_WHAT TO DO_. Your copy should start at the line with "Sign up for" and end at the line with "Hi everyone, it's" in the data below. Transcribe only those lines, exactly, pictures excluded.

_RECORDED DATA_.
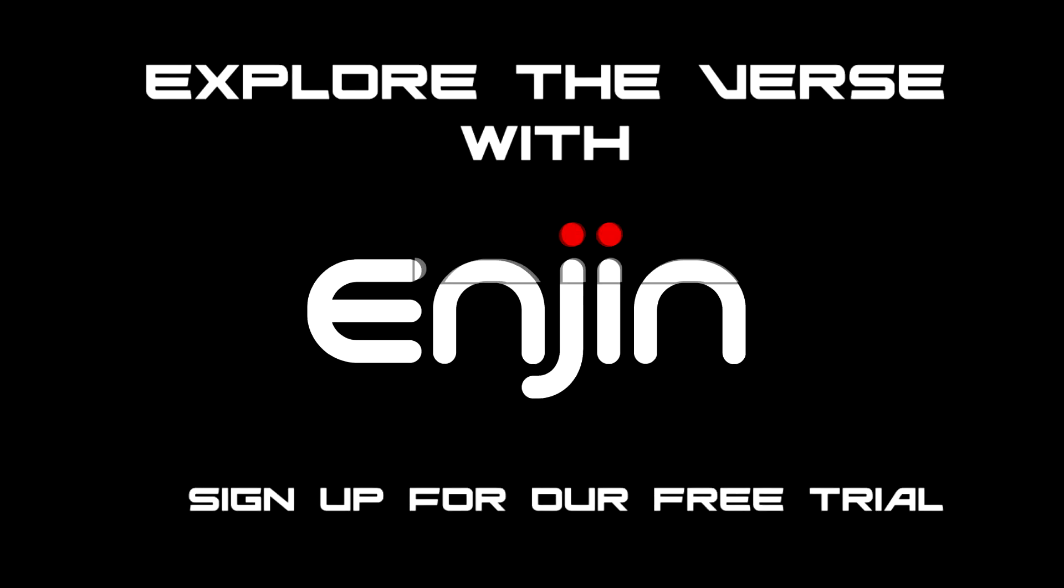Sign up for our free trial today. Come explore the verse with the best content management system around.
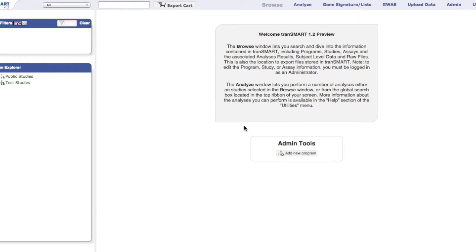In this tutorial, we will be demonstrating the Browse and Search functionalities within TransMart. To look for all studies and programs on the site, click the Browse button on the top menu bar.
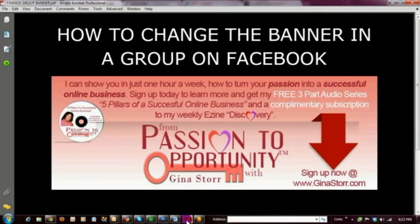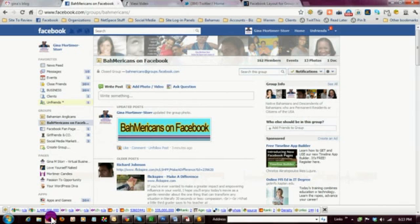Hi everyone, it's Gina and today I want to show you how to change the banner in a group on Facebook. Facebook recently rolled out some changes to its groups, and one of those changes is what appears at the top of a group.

...

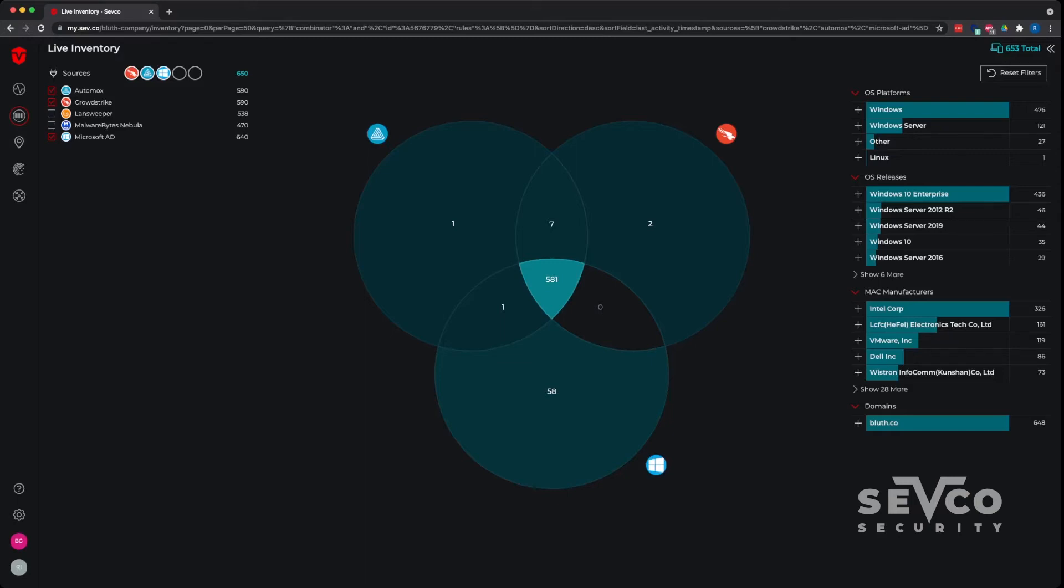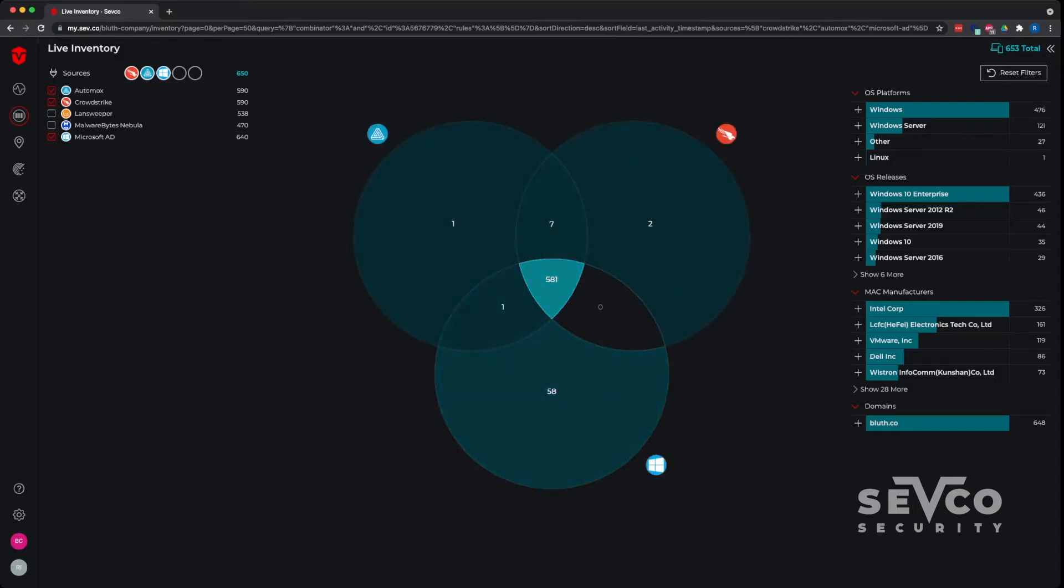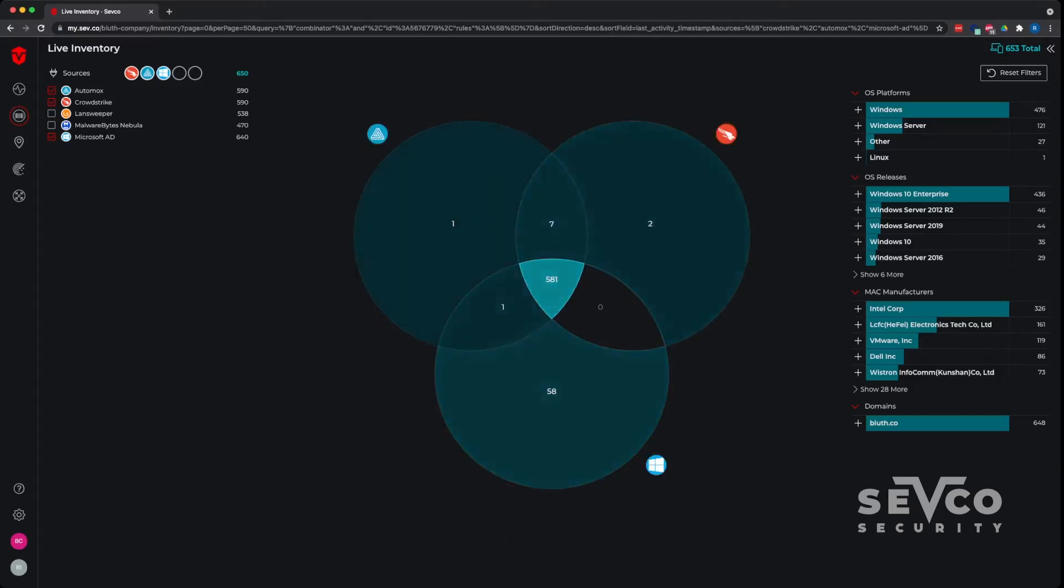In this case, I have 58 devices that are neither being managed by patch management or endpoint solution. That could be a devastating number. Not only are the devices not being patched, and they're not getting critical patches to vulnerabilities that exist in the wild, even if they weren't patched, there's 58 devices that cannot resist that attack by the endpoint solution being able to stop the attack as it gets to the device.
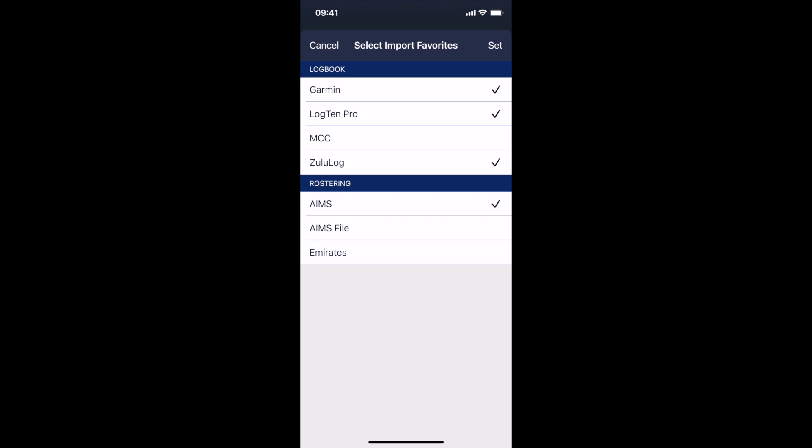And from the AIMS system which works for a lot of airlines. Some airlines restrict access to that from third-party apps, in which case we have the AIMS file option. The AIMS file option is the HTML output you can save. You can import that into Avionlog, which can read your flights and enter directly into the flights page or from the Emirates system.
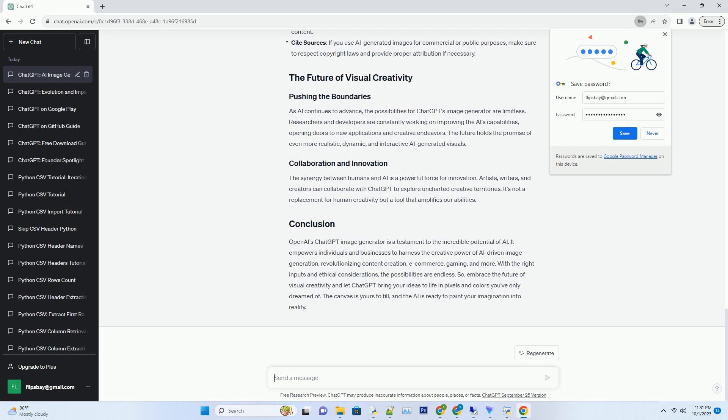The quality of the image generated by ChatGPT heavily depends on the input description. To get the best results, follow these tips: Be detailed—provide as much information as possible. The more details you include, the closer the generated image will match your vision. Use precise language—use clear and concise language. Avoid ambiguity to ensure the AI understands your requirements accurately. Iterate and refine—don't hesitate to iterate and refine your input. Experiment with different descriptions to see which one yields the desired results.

_YOUR SOLUTION_.
Sign up for our free trial today. Come explore the verse with the best content management system around.
In this tutorial, we will be demonstrating the Browse and Search functionalities within TransMart. To look for all studies and programs on the site, click the Browse button on the top menu bar.
Hi everyone, it's Gina and today I want to show you how to change the banner in a group on Facebook. Facebook recently rolled out some changes to its groups, and one of those changes is what appears at the top of a group.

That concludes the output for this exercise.